The gensim Word2Vec implementation is very fast due to its C implementation – but to use it properly you will first need to install the Cython library. In this tutorial, I’ll show how to load the resulting embedding layer generated by gensim into TensorFlow and Keras embedding implementations.  Because of gensim’s blazing fast C wrapped code, this is a good alternative to running native Word2Vec embeddings in TensorFlow and Keras.


Recommended online course: If you are more of a video course learner, check out this inexpensive Udemy course: Natural Language Processing with Deep Learning in Python


Word2Vec and gensim

I’ve devoted plenty of words to explaining Word2Vec in my previous tutorials (here and here) so I’ll only briefly introduce the Word2Vec concepts here.  For further details, check out those tutorials. Here’s the (relatively) quick version – for each text data set that we create, we have to create a vocabulary. The vocabulary is the list of unique words within the text.  Often it is >10,000 words for serious data sets.  Machine learning models generally can’t take raw word inputs, so we first need to convert our data set into some number format – generally a list of unique integers.

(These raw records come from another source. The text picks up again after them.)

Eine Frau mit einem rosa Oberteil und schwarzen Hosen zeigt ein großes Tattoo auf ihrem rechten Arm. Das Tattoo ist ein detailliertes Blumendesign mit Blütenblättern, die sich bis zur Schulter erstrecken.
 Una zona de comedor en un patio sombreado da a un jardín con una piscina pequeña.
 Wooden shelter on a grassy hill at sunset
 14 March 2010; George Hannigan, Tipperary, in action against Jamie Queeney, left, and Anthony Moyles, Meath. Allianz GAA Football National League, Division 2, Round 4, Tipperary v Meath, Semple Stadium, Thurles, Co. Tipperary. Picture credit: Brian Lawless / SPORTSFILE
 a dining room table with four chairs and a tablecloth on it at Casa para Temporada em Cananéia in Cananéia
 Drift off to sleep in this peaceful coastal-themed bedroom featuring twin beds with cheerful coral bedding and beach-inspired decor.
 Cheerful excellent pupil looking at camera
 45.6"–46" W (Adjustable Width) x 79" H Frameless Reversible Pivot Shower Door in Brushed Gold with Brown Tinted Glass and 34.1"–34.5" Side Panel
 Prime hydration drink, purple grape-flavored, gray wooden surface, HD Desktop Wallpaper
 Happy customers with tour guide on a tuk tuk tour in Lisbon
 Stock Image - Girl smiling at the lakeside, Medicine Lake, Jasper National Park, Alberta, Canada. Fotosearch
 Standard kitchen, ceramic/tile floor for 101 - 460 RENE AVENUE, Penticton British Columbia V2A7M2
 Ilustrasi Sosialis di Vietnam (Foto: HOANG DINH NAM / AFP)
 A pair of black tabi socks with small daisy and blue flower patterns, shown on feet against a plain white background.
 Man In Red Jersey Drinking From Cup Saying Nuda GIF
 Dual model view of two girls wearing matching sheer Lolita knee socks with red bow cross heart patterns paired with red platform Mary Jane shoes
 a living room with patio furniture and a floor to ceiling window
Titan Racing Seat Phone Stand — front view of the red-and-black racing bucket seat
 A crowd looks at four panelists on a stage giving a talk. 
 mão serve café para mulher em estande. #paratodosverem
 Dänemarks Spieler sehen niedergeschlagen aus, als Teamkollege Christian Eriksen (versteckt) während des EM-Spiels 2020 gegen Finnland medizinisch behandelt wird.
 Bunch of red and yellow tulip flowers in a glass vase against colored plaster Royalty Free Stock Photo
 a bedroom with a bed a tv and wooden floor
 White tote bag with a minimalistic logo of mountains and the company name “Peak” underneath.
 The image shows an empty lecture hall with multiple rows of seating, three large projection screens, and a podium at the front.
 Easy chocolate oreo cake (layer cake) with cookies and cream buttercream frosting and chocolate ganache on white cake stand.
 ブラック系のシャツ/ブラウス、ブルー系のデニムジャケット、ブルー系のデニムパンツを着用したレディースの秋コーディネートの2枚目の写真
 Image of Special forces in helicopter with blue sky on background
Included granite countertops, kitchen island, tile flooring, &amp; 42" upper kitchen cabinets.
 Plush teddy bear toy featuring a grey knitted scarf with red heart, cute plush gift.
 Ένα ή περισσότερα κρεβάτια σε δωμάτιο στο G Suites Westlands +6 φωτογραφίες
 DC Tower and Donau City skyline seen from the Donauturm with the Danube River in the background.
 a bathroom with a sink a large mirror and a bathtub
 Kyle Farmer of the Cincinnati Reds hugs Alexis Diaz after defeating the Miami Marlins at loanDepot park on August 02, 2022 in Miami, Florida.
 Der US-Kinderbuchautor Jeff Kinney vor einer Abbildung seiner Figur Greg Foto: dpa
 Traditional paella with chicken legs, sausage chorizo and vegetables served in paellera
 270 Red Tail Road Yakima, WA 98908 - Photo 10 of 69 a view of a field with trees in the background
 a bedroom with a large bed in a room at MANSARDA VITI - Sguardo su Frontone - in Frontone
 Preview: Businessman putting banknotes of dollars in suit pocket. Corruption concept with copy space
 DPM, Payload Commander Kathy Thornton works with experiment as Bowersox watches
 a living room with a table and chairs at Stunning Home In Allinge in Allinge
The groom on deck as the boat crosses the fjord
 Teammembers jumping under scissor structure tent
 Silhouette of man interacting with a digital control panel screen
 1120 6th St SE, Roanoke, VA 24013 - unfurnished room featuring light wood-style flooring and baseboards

Neural network based models like vector inputs. We, therefore, need to convert the integers into vectors.  A naive way of converting integers into vectors is to convert them into one-hot vectors – these are vectors where all of the values are set to zero, except for one i.e. [0, 0, 0, …, 1, …, 0, 0].  The “one-hot” value is located at the array index which matches the unique integer representation of the word. Therefore, our input one-hot vector must be at least the size of the vocabulary in length – i.e. >10,000 words.

There are two main problems with this type of representation of words – the first is that it is inefficient. Each word is represented by a 10,000 word plus vector, which for neural networks means a heck of a lot of associated weights between the input layer and the first hidden layer (generally millions).  The second is that it loses all contextual meaning of the words.  We need a way of representing words that is both efficient and yet retains some of the original meaning of the word and its relation to other words. Enter word embedding and Word2Vec.

Word embedding and Word2Vec

Word embedding involves creating better vector representations of words – both in terms of efficiency and maintaining meaning. For instance, a word embedding layer may involve creating a 10,000 x 300 sized matrix, whereby we look up a 300 length vector representation for each of the 10,000 words in our vocabulary.  This new, 300 length vector is obviously a lot more efficient than a 10,000 length one-hot representation.  But we also need to create this 300 length vector in such a way as to preserve some semblance of the meaning of the word.

Word2Vec does this by taking the context of words surrounding the target word.  So, if we have a context window of 2, the context of the target word “sat” in the sentence “the cat sat on the mat” is the list of words [“the”, “cat”, “on”, “the”]. In Word2Vec, the meaning of a word is roughly translatable to context – and it basically works. Target words which share similar common context words often have similar meanings. The way Word2Vec trains the embedding vectors is via a neural network of sorts – the neural network, given a one-hot representation of a target word, tries to predict the most likely context words.  For an introduction to neural networks, see this tutorial.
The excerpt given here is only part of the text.